Before the war we were fighting for women’s rights, now we have to fight for everyone’s rights
Khadija is Yemen’s first female film producer. She has worked as the press and cultural attaché for the Yemen Embassy in Paris, and has received the Legion d’Honneur for her work helping to build relationships between France and Yemen.
In 2014 she made I Am Nojoom, Age 10 and Divorced, about the true story of a nine year old girl forced into an abusive marriage. It was a tale she was familiar with – she herself was married at 11 and raped by her husband, and ran away as a teenager.
Making this film was challenging because of frequent power outages, and with the start of the Yemeni conflict safety was an issue. Afterwards Khadija said she would make more films there if conditions changed. “There are so many stories to tell and it’s amazing in that way, the landscape, the people. But it’s so hard, especially for security. I took a risk when I made that film. If security was better I would.”
Yet three years later she returned, with the country in the grip of a full-blown war. The travel blockade meant it took her two years to come back, which was just the first hurdle. “This time it was not only electricity but the bombing, because we heard the planes hovering over our heads and we didn’t know where they were going to bomb. It was terrifying compared to the other problems we had, this time it was a matter of life and death.”
She was also stopped by the military along with her crew of three, who ran off and left her on her own. But she is matter of fact about this. “They were worried they would confiscate their cameras and take them to jail so they ran away, but I stayed because I wanted to confront them and I wanted to continue the film.”
Khadija’s next project is a documentary about a French woman who left everything to convert to Islam and move with her husband to a village in Yemen where a particularly conservative form of Islam is practiced.
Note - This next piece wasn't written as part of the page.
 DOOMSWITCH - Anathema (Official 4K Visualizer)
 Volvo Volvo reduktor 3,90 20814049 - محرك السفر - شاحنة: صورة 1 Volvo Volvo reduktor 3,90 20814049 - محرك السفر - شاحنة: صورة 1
With this film, her motivation is personal. “I wanted to understand why someone like her who had everything wants to go to a life that I had to reject.”
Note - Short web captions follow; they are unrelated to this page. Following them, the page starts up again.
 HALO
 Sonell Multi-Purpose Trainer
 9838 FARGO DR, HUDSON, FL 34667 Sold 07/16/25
With I Am Nojoom, her aim was to raise awareness of the issues women and young girls face. Child marriages were common when Khadija was a little girl, but had been pretty much rooted out in the large cities while in rural areas with little education it is still practised. Then the war began. “If we didn’t have this war we would have accomplished a lot” she says. “The film was hacked and people copied it, they were selling it on the street and people were buying it.” She sees the fact that people were curious enough to distribute the film on the black market, giving a bigger number of Yemenis the chance to view it, as a great achievement.
These strides have ground to a halt now that almost four years of war have plunged Yemen into a famine affecting 8 million people, while lack of access to water is making a cholera epidemic highly likely. And with families unable to make ends meet, child marriages are on the rise again.
“Before the war we were fighting for women’s rights, now we have to fight for everyone’s rights, because everybody has had them taken away. Now they’re trying to find shelters to hide from the bombing, to find food. Every 10 minutes a child dies from hunger if not from diseases and the bombs. It’s a disaster. It’s really sad and depressing.”